US Federal Reserve

This week (July 29-August 2), the market will usher in a super week, focusing on the interest rate resolutions announced by the US Federal Reserve, the Bank of England and the Bank of Japan.

Among them, the market generally expects the Fed to cut interest rates. The Fed is expected to cut interest rates by 25 pips, while interest rate futures show that the chances of the authorities cutting interest rates by 50 pips are 16.5%, and the cumulative rate cuts over the 75 pips are over 50% during the year.

In addition, the market generally expects the Bank of Japan to keep interest rates unchanged. Analysts believe that the European Central Bank’s decision not to cut interest rates temporarily may increase the chances of the Bank of Japan temporarily holding hands.

On the other hand, the current market interest rate hike expectations for the Bank of England have basically disappeared, and in the context of global central bank monetary easing and even several emerging market economies have cut interest rates, the market is expected to heat up interest rate cuts.

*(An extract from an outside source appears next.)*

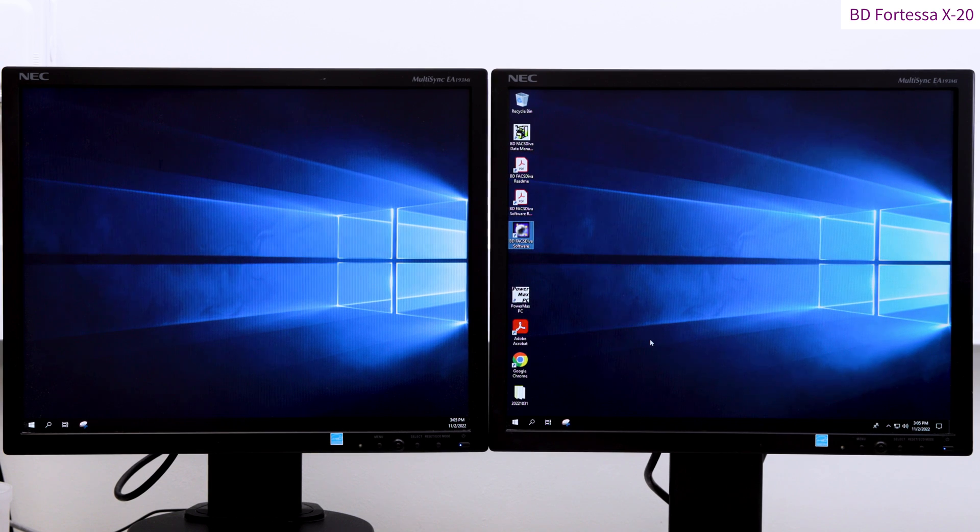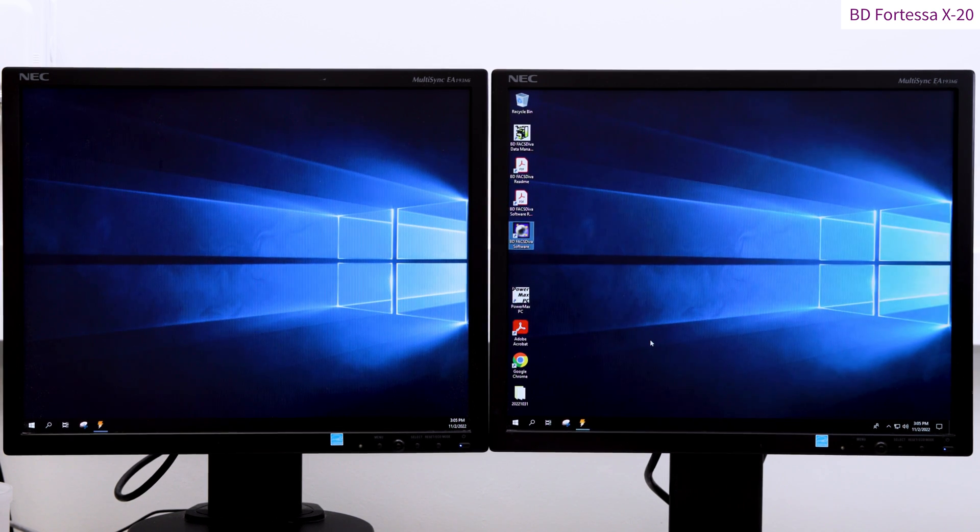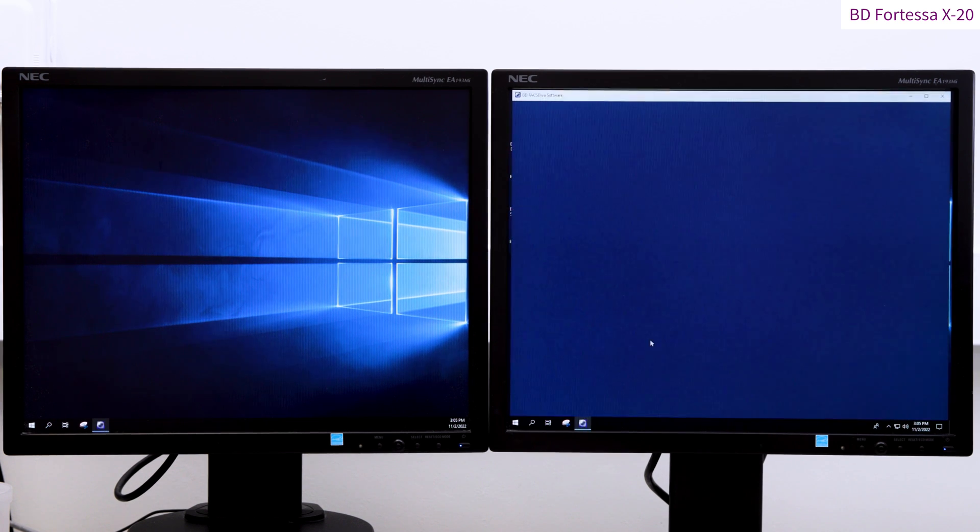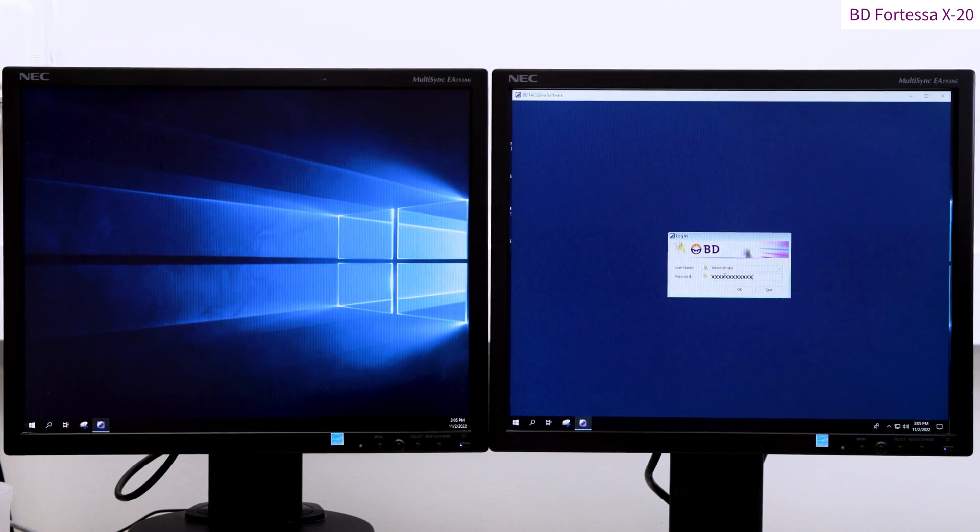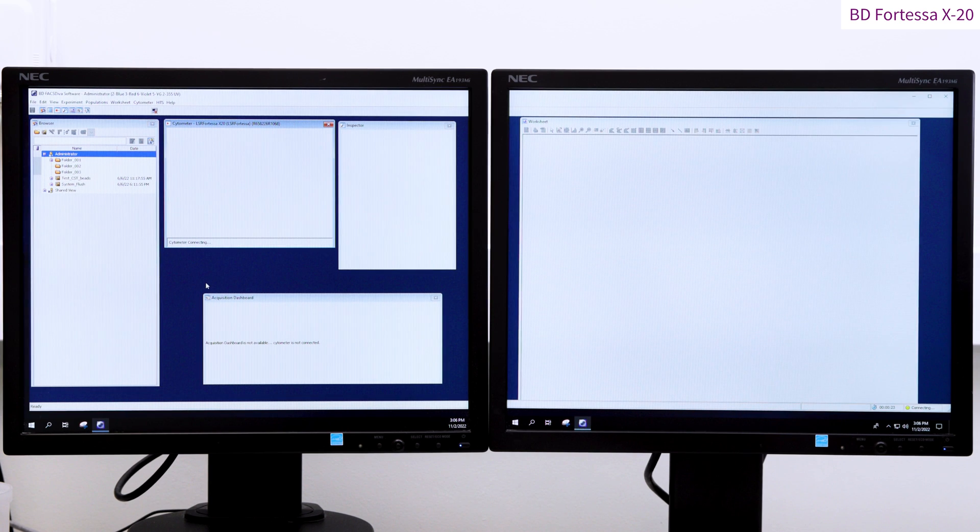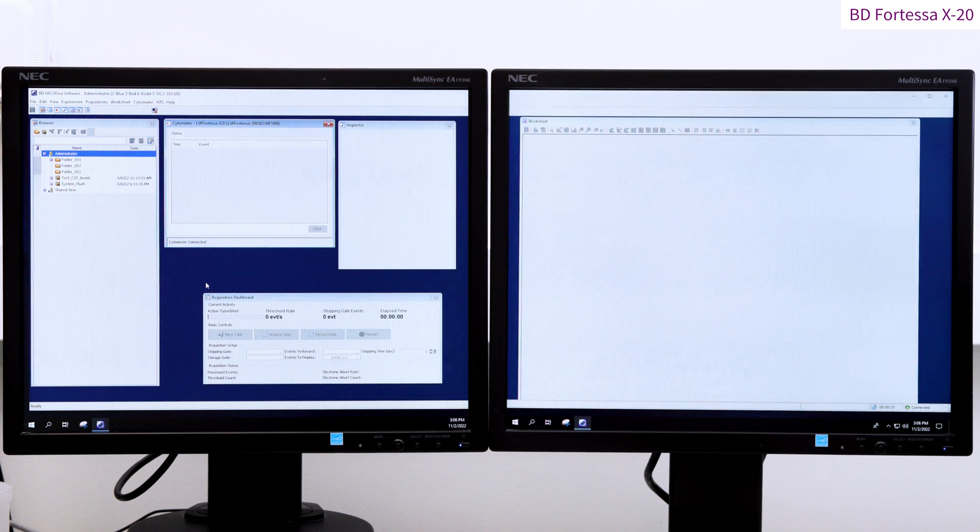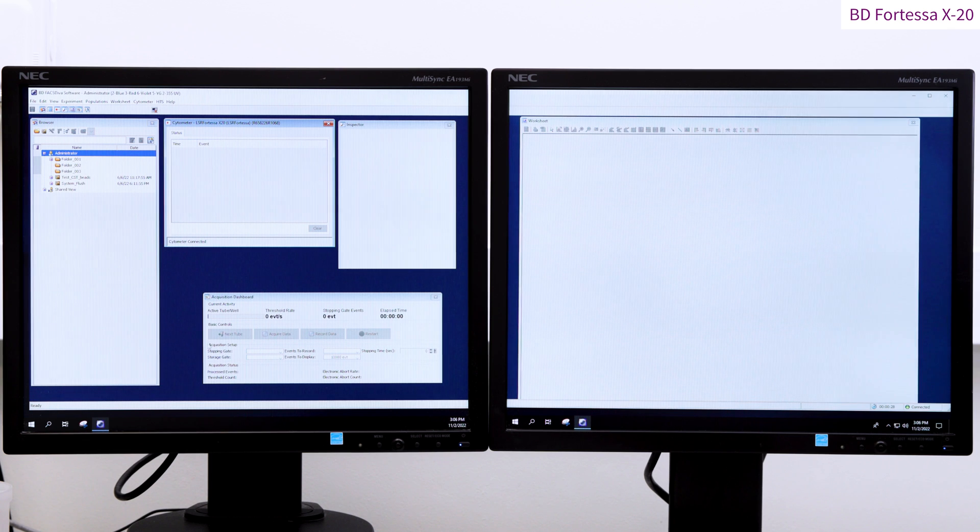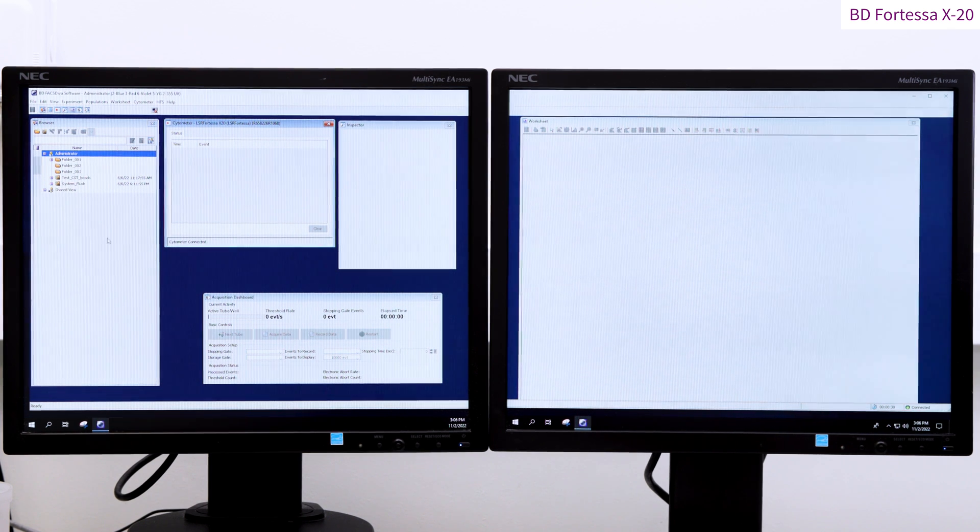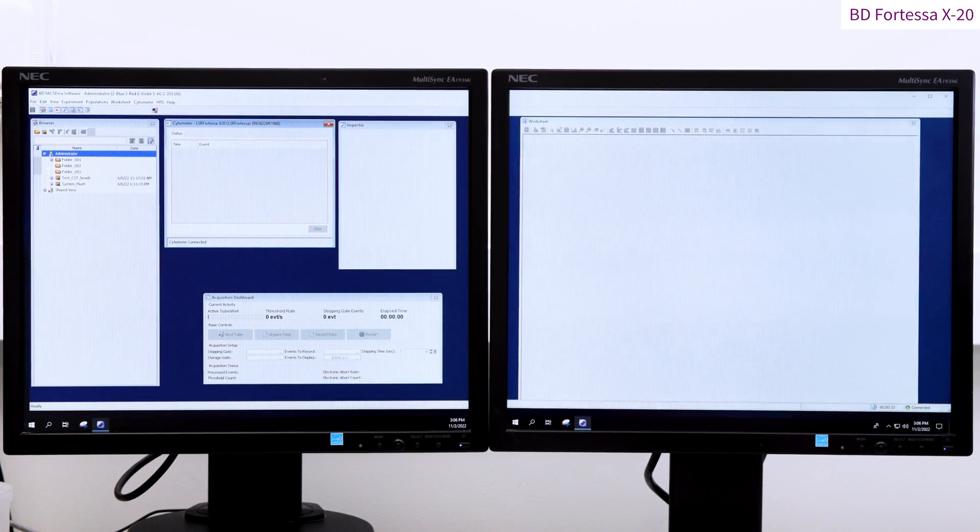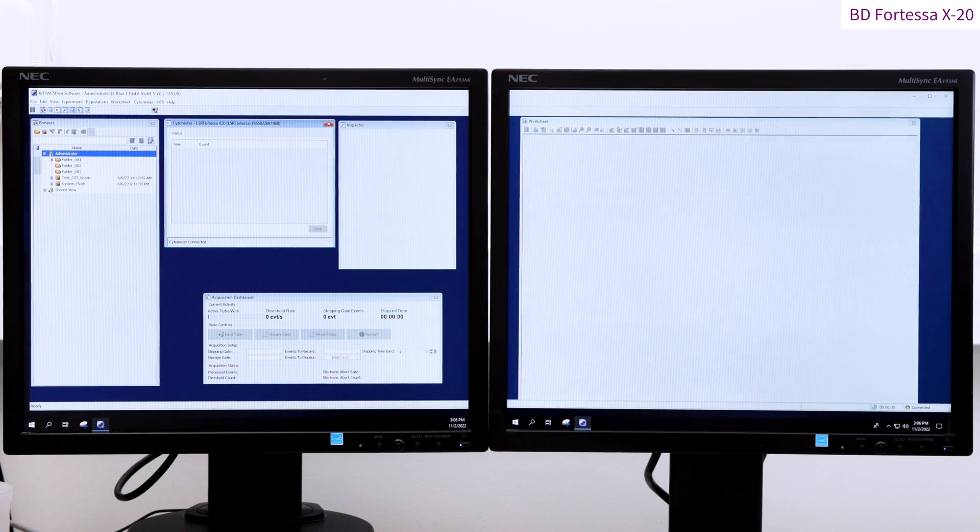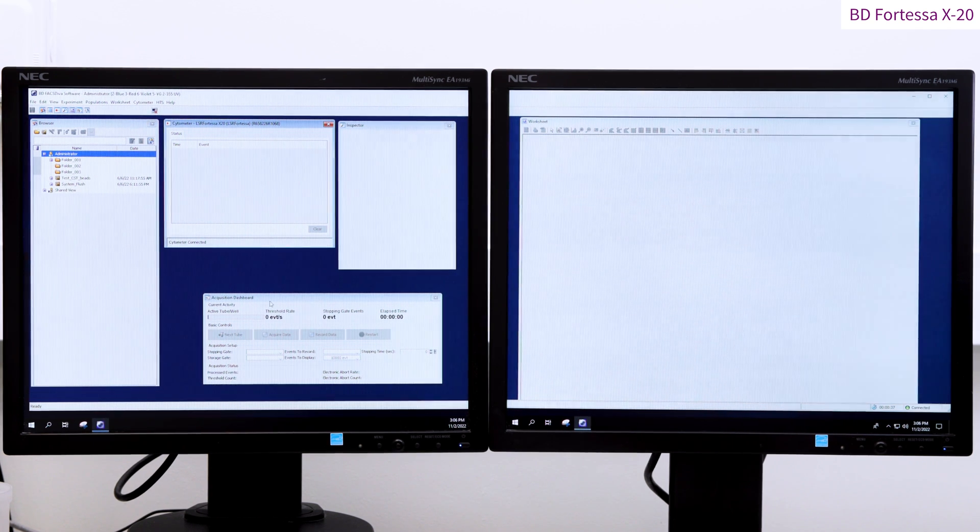Once the computer is turned on and you have logged into Windows, start the BD FACSDiva software by double-clicking the shortcut on the desktop. Log into the software. Please note that this video has been recorded with Diva version 9.0 and that some differences may exist between software versions. Diva will take a few seconds before connecting to Fortessa. The connection is established once the Acquisition Dashboard window is active and the Cytometer window gives the Cytometer Connected message.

It is worth noting that the performance of the US stock market is “unusual” when the Fed is about to cut interest rates.

Institutional investors wait and see the three major indexes of the US

As the three major US stock indexes once again set a new record high, institutional investors seem to be inclined to “wait and see.” According to the latest financial report, in the second quarter, the income of the five major US stock sales and trading businesses continued to fall after a 14% year-on-year decline in the first quarter, a decrease of 8%. In the first half of this year, the scale of securities trading revenue decreased by 5 billion US dollars, a record of 2009. The worst performance since the start of the US bull market.

In the past, bull markets have often spurred market enthusiasm, and funds will flock to the market to gain excess returns and push up asset prices. So what is the reason for this change in investor sentiment this time? According to the analysis, the trend of US stocks in recent weeks has largely digested the authorities’ interest rate cuts in July. If the Fed enters a loose cycle, the impact on US stocks is still uncertain, because the final trend of the US economy is the impact of the stock market. Decisive factor.